They’re everywhere these days, it seems — the undead, we mean. Shambling through AMC’s gory drama The Walking Dead; drooling all over poor Lizzie Bennet in Pride and Prejudice and Zombies. But, um, why?
If you asked my little brother, he’d probably roll his eyes and say “because they’re cool.” But English professor Jared Hickman of Johns Hopkins has an answer that’s a bit more academic than that: “I do think that, historically speaking, the zombie narrative can perform a sort of critique in an especially hard-hitting way. It represents this loss of autonomy that we as human beings understandably fear.”
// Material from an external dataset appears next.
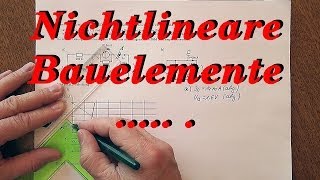 Arbeitspunkt nichtlinearer Bauelemente 66  Stromquellenparameter [upl. by Ecnerwaled]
Bishop’s main area of zombie interest predates the current craze by a couple of centuries. He studies the cultures of Atlantic slavery and slave rebellions in the 18th and 19th centuries; turns out that the word “zombie” comes from West Africa, translated through various Caribbean Creoles. But Hickman has a take on today’s zombies, too:
“I think it is interesting in the post-Romero zombie invasion narrative that the threat is not so pressing that certain conditions of social life can’t be re-created. There’s the possibility of boarding up the house and, at least for a while, holding it off. You don’t need special knowledge or silver bullets. You just need to be able to whack them on the head. So particular to the genre is this possibility that human beings may return to social life after the attack—and all the fascinating questions that go with that. Can we go back to what we had before? Should we go back to what we had before?”
Hickman taught his first undergraduate seminar on zombies this fall. We’d love to read some of those term papers.